Using Both Demonstrations and Language Instructions to More Efficiently Learn Robotic Tasks
Method Overview
Motivation
Current multitask policies use task embeddings based on one hot vectors, language embeddings, or demonstration embeddings. However, language instructions and video demonstrations can often be ambiguous, especially if they were provided in environments that do not perfectly align with the environment the robot is evaluated in.
To resolve ambiguities and decrease teacher effort needed when specifying new tasks, we propose using task embedding vectors that are bimodal: containing both language embedding features and visual demonstration features. Directly conditioning a multitask policy on bimodal task embeddings allows the two modalities to contextually complement each other, enabling the robot to more clearly understand what a new task is and how to perform it.
Contributions
We present DeL-TaCo (Joint Demo-language Task Conditioning), a framework for conditioning a multitask policy simultaneously on both a demonstration and corresponding language instruction. We introduce a challenging distribution of hundreds of robotic pick-and-place tasks and show that DeL-TaCo improves generalization ability and significantly decreases the number of expert demonstrations needed when learning novel tasks during test time.
To our knowledge, this is the first work to show that simultaneously conditioning a multi-task robotic manipulation policy on both demonstration and language embeddings improves sample efficiency and generalization over conditioning on either modality alone.
Sample Tasks (with associated task language strings)
Each gif depicts four rollouts.
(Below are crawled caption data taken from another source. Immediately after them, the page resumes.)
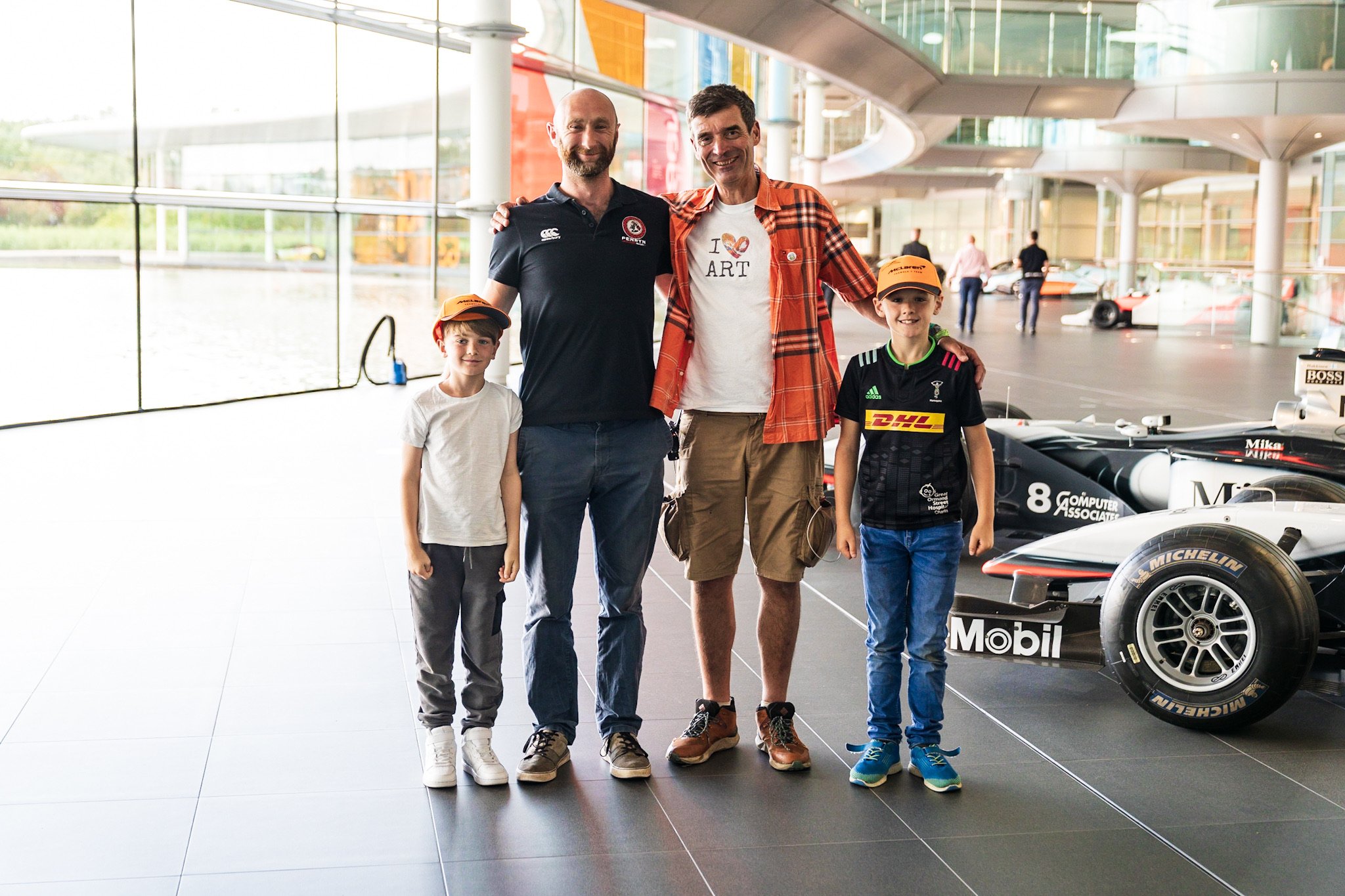 Cornwall family Dion Mellows with son Oscar and  nephew Stanley Pearce at McLaren Technical Centre.jpg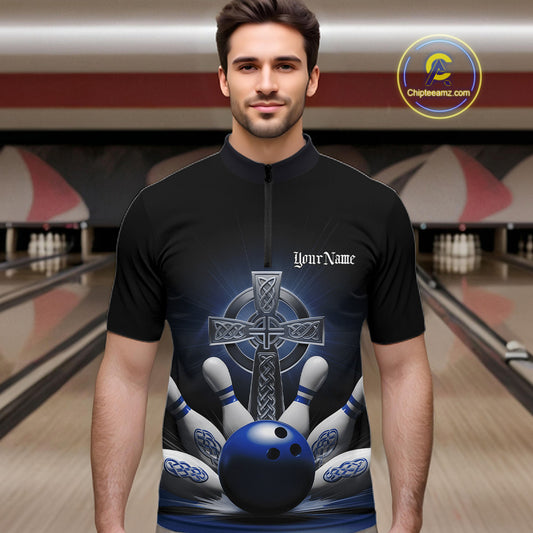 Male model front view in bowling lane wearing black quarter zip shirt featuring blue Celtic cross and dynamic bowling strike artwork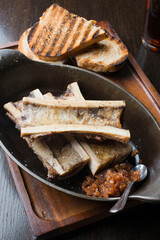 Bone Marrow. Grass-fed skirt steak, grilled to a medium rare and served with a garlic herb butter sauce and paired with roasted potatoes and Brussels sprouts. Classic American steakhouse favorite.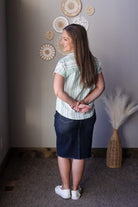 Woman standing in a room with decorative wall items and a vase wearing a green white striped blouse and black denim skirt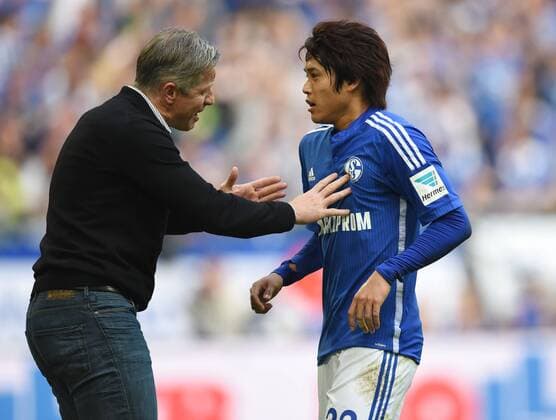 27.09.2014, Fussball, Saison 2014 15, 1. Bundesliga, 6. Spieltag, FC Schalke 04 - Borussia Dortmund 2:1 Trainer Jens Keller (Schalke 04), li., und Atsuto Uchida (Schalke 04)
Container positions and distractor objects are different on each reset.
Selected Train Tasks
Task ID 1: "Put fountain vase in green bin."
Task ID 87: "Put red colored object in red bin."
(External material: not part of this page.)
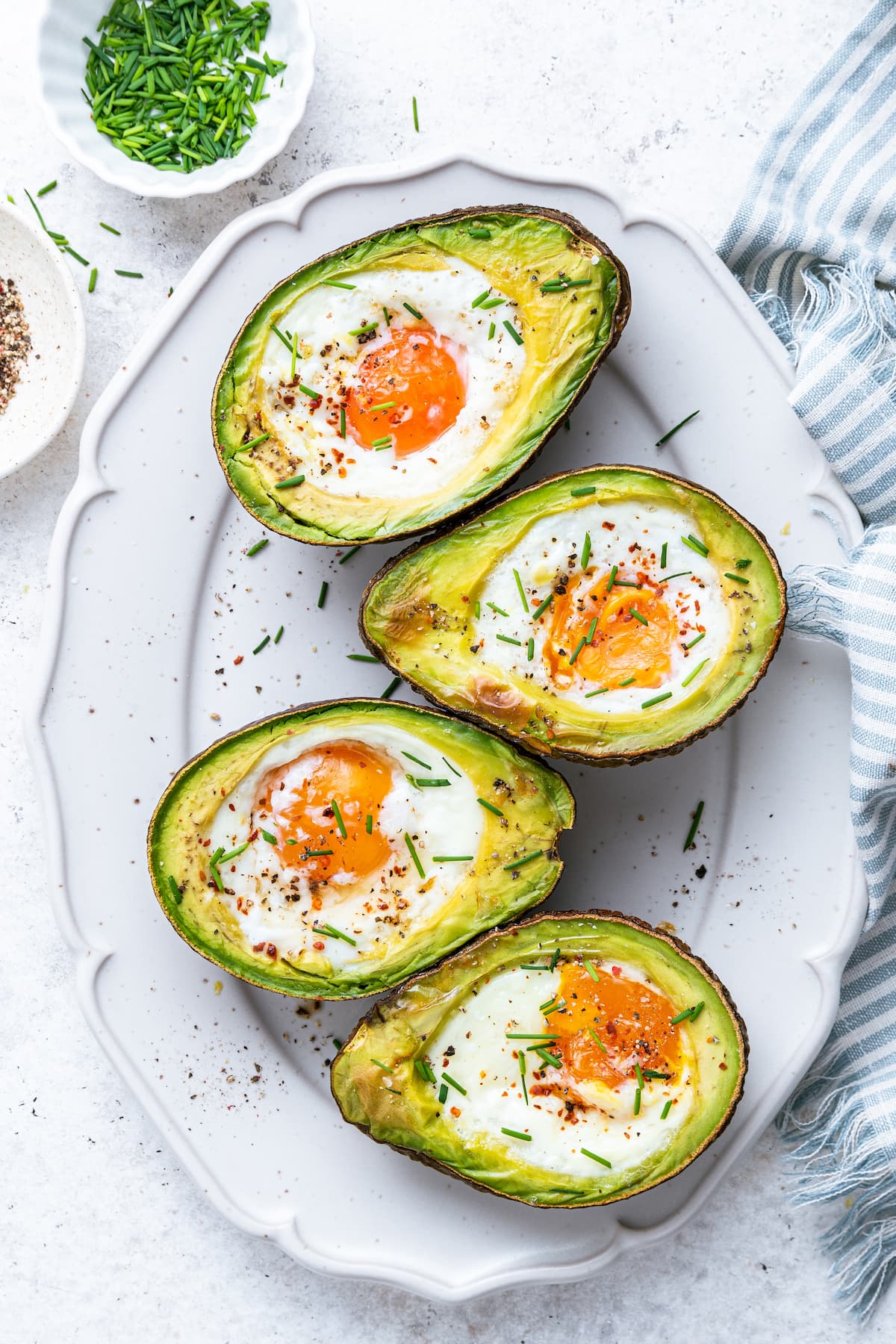 On a white plate, two halved avocados with an egg in the center, each recently baked.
Task ID 141: "Put chalice shaped object in front bin."
Task ID 270: "Put bottle in right bin."
Selected Test Tasks
Task ID 32: "Put black and white colored object in green bin."
Task ID 97: "Put trapezoidal prism shaped object in red bin."
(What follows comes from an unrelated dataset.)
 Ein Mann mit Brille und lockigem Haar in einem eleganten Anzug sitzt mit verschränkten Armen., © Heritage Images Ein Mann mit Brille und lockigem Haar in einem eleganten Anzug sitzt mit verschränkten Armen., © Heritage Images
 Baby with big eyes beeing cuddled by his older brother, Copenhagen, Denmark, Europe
Task ID 178: "Put box sofa in back bin."
Task ID 248: "Put cylinder shaped object in left bin."
Train/Test Splits
Color Split
Object Split
Shape Split
All Train and Test Tasks
Expand Task Table
Rows = object identifiers. Columns = container identifiers. Numbers indicate task ids, which are only used by the onehot policies.
Architecture
Detailed Architecture
Results
Generalization to Novel Objects, Colors, and Shapes
Training a demo encoder from scratch and using pretrained DistilBERT as the language encoder. DeL-TaCo (red) achieves better generalization performance than policies conditioned on language-only (blue) or demonstration-only (orange), getting far closer to the performance of the one-hot oracle policy which was given access to all of the test tasks during training.
Using pretrained CLIP for the language and demonstration encoder, we still see value in task-conditioning with both demonstrations and language with DeL-TaCo (red) than by learning novel tasks with language alone (blue) or demonstration alone (orange).
View these results as a table
Generalization to Novel Colors, and Shapes
View these results as a table
When trained on all 32 objects and evaluated on only the test colors and shapes, DeL-TaCo outperforms language-only and demonstration-only policies by a wider ~9% margin. Here, we train the demonstration encoder from scratch and use DistilBERT as the language encoder.
How many demonstrations is language worth?
View these results as a table
To evaluate the value of training policies conditioned on both demonstrations and language, we finetune the demonstration-only policy on k demonstrations per test task, where k is indicated in the legend, and compare it to the performance of DeL-TaCo (red dotted line) which was not given access to any demonstration on any test task. We find that the demonstration-only policy only starts to match the performance of DeL-TaCo when trained on 50 demonstrations per test task, showing the tremendous value of learning novel tasks with both language and demonstrations. This demonstrates that in situations where demonstrations are collected in environments that do not perfectly align with the environment the robot is evaluated in, providing both demonstrations and language to specify new tasks requires substantially less teacher effort than specifying tasks with either modality alone.